Tamaki S, Kambara H, Kadota K, Suzuki Y, Nohara R, Kawai C, Tamaki N, Torizuka K
Br Heart J. 1984 Dec;52(6):621-7. doi: 10.1136/hrt.52.6.621.
Emission computed tomography with thallium-201 was compared with planar imaging in its ability to detect myocardial infarctions of various sizes four weeks after the onset. Tomography was performed after planar imaging at rest in 160 patients with a first myocardial infarction, in whom infarct size was prospectively estimated by the peak value of creatine kinase activity at the time of the acute episode and in 39 patients without infarction. The planar images and the transaxial, short axial, and long axial tomograms were interpreted qualitatively. Tomography was significantly more sensitive than planar imaging in detecting anterior (87% v 96%), inferior (73% v 97%), and non-transmural (47% v 87%) infarcts. The increased sensitivity was confined to detecting small infarcts as assessed by the peak creatine kinase value (44% v 89% when peak creatine kinase activity was less than or equal to 1000 IU/l). The overall sensitivity was 96% for tomography and 78% for planar imaging. The specificity was similar (92%) with the two techniques. Thus emission computed tomography can improve the detection rate of small infarcts that cannot be identified on planar images, by showing the three dimensional distribution of thallium-201, and increases the diagnostic value of thallium-201 scintigraphy.

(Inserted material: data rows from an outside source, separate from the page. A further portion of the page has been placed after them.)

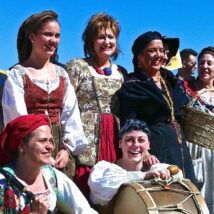 Eastern Europe Gypsy-women.jpg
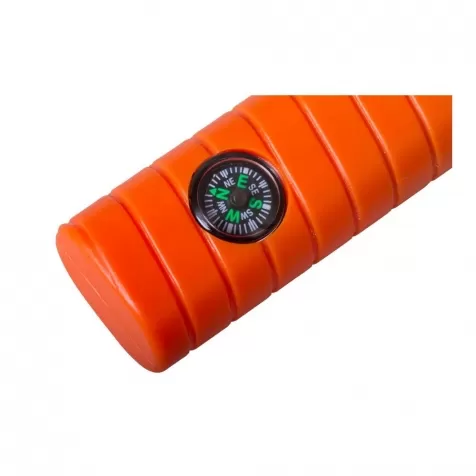 levenhuk labzz - lente d&rsquo;ingrandimento mg3 con bussola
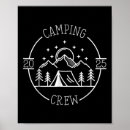 Suche nach cousins poster Familie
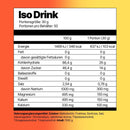 Iso Drink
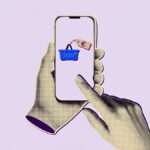 Az EU 3 eurós vámdíjat vet ki a SHEIN, a Temu és az AliExpress importjára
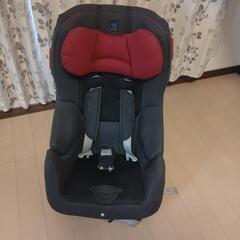 【お取引中】コンビ チャイルドシート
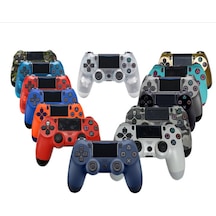 PS4 Uyumlu V2 Controller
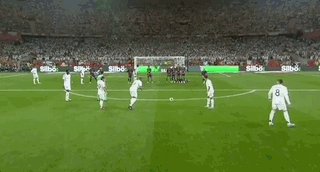 什么是“垃圾时间”？如何在盲注极高时保持最后的一击力。（解读“垃圾时间”：盲注飙升阶段如何保持终结火力）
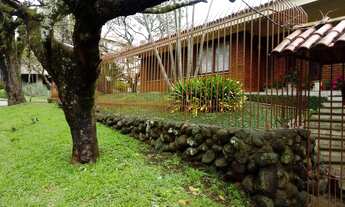 Imagem 6: Porto Alegre - Casa Padrão - Cristal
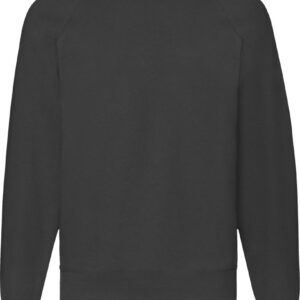Bluza FOTL-622160 B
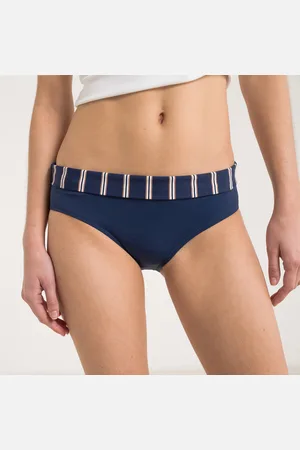 Bestform Bikinislip Tavolara Premium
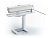 Фото товара: Miele B995 D
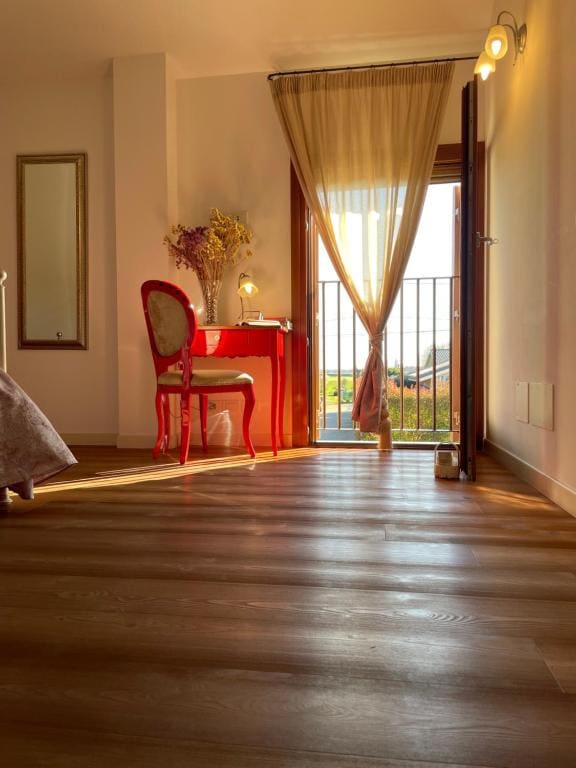 Double Room room - Image 3
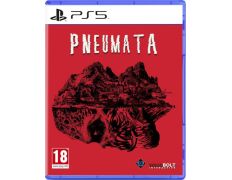 PNEUMATA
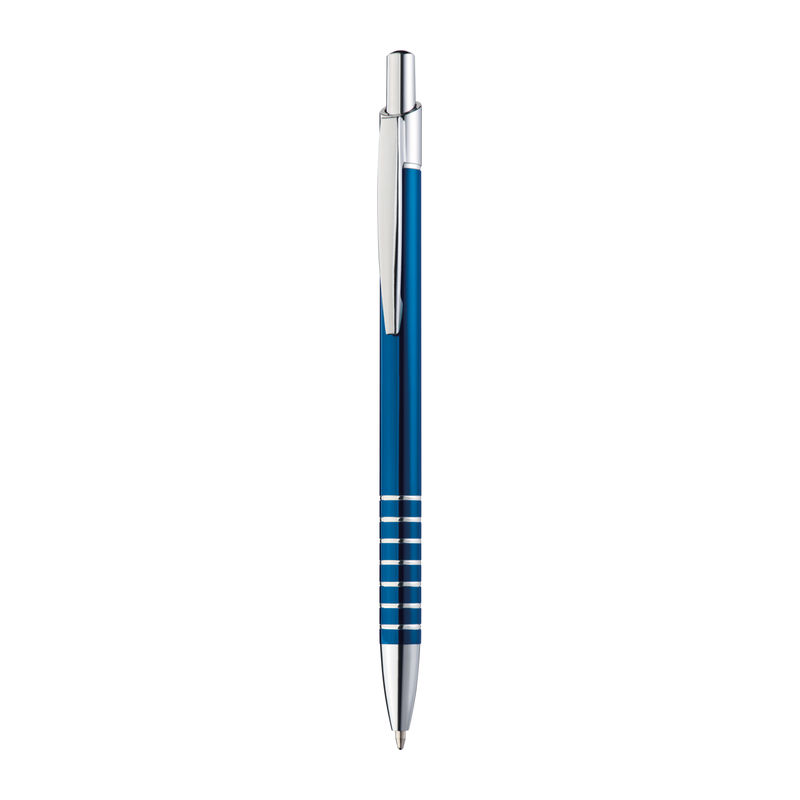 Metal ballpen Itabela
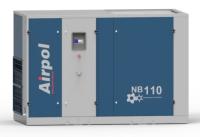 Винтовой компрессор Airpol NB 110-7,5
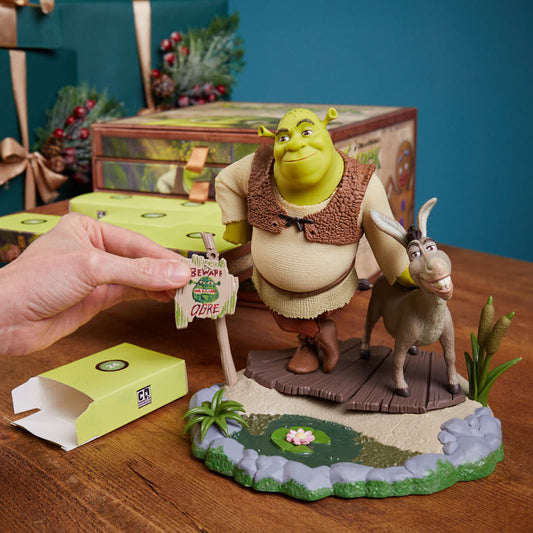 shrek-countdown-characters-numskull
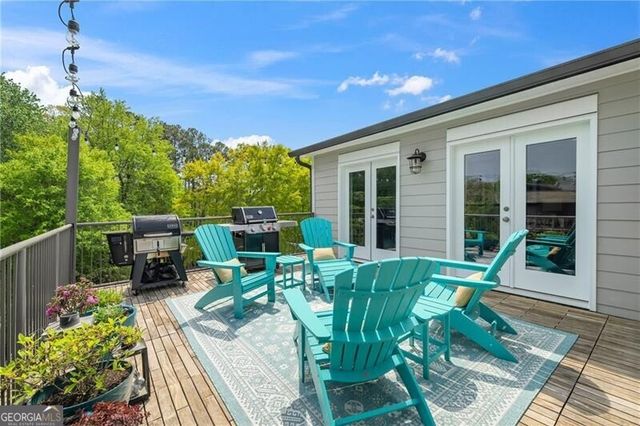 108 Canton Way, Roswell, GA 30075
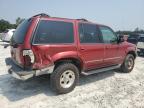 Loganville, GA에서 판매 중인 2000 Ford Explorer Xlt - Rear End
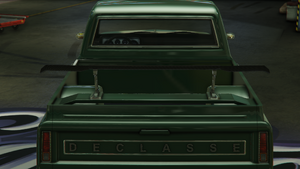 Yosemite-GTAO-CarbonTrackWing.png
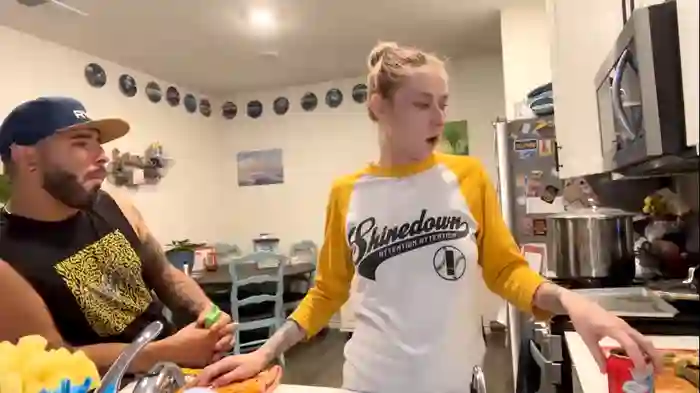 pr3ttyp1nkpussy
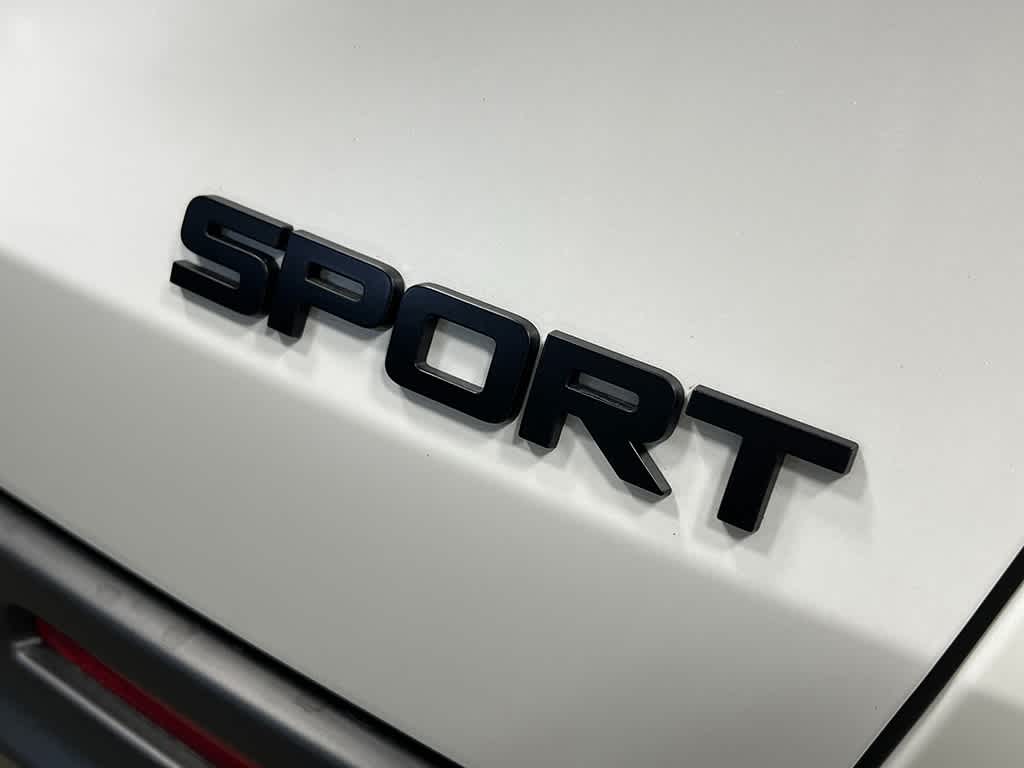 Thumbnail: 2026 Honda HR-V - 7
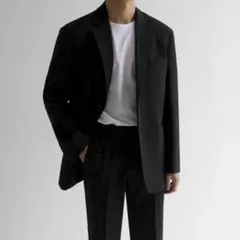 Otte シンプルスタイリッシュセットアップ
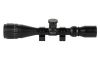BSA Optics Sweet .270 4-12x40mm AO Rifle Scope (Image 5)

将铊-201发射型计算机断层扫描与平面显像在检测发病四周后不同大小心肌梗死的能力方面进行了比较。对160例首次发生心肌梗死的患者在静息平面显像后进行断层扫描,这些患者梗死面积通过急性发作时肌酸激酶活性峰值进行前瞻性评估,另外还有39例无梗死的患者也进行了同样的检查。对平面图像以及横轴、短轴和长轴断层图像进行了定性分析。在检测前壁(87%对96%)、下壁(73%对97%)和非透壁性(47%对87%)梗死方面,断层扫描比平面显像显著更敏感。这种敏感性的提高仅限于检测通过肌酸激酶峰值评估的小梗死(当肌酸激酶活性峰值小于或等于1000 IU/l时,44%对89%)。断层扫描的总体敏感性为96%,平面显像为78%。两种技术的特异性相似(92%)。因此,发射型计算机断层扫描通过显示铊-201的三维分布,可提高在平面图像上无法识别的小梗死的检出率,并增加铊-201闪烁显像的诊断价值。